Collected data entries

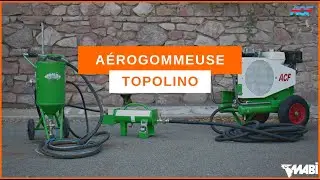 Aérogommeuse Topolino pour décapage | MABI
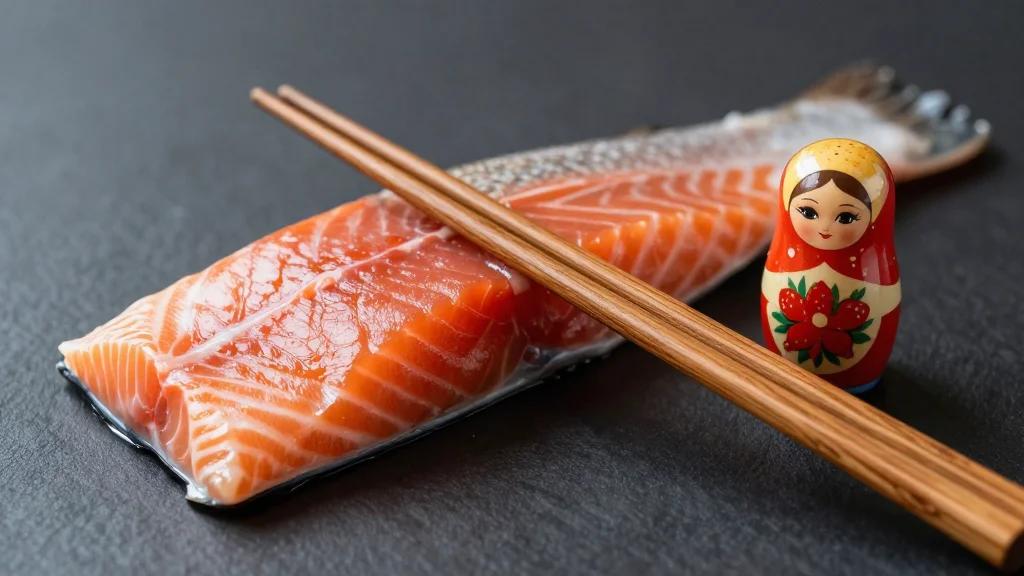 Despite Ban, Russian Seafood Is Still the Main Dish on some American Plates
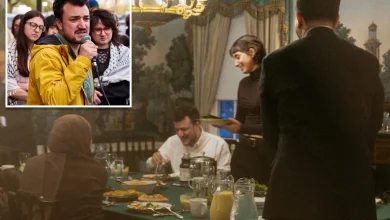 Mamdani hosts anti-Israel activist Mahmoud Khalil at Gracie Mansion for Ramadan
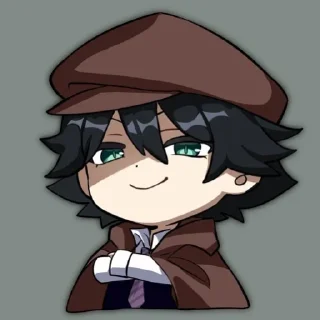 🥴 emoji Bsd x genshin Telegram sticker 15 of 26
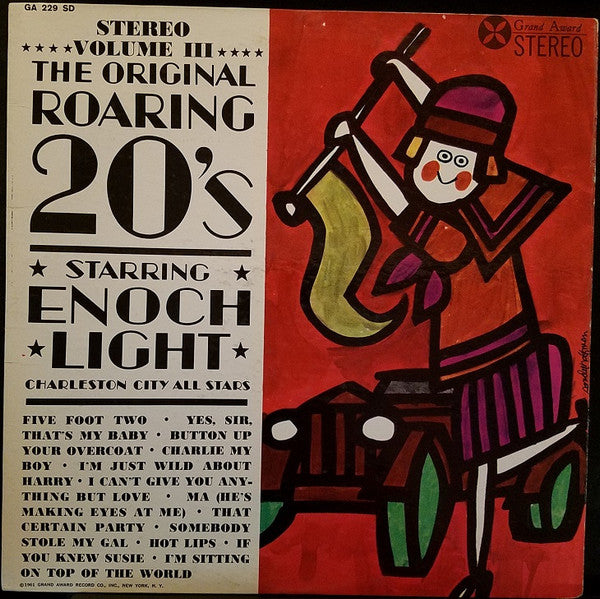 Enoch Light & The Charleston City All-Stars : The Roaring 20's Volume 3 (LP, Album)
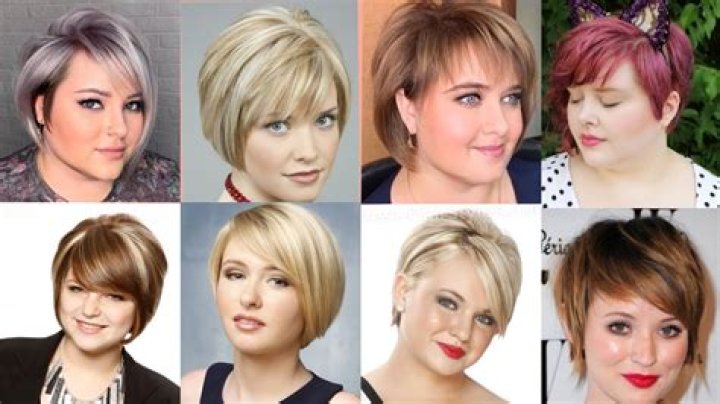 Chic and Flattering Short Hairstyles for Thin Hair and Fat Faces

Task: Exactly what appears in the records above must be returned, apart from the pictures.

Answer below:
 Aérogommeuse Topolino pour décapage | MABI
 Despite Ban, Russian Seafood Is Still the Main Dish on some American Plates
 Mamdani hosts anti-Israel activist Mahmoud Khalil at Gracie Mansion for Ramadan
 🥴 emoji Bsd x genshin Telegram sticker 15 of 26
 Enoch Light & The Charleston City All-Stars : The Roaring 20's Volume 3 (LP, Album)
 Chic and Flattering Short Hairstyles for Thin Hair and Fat Faces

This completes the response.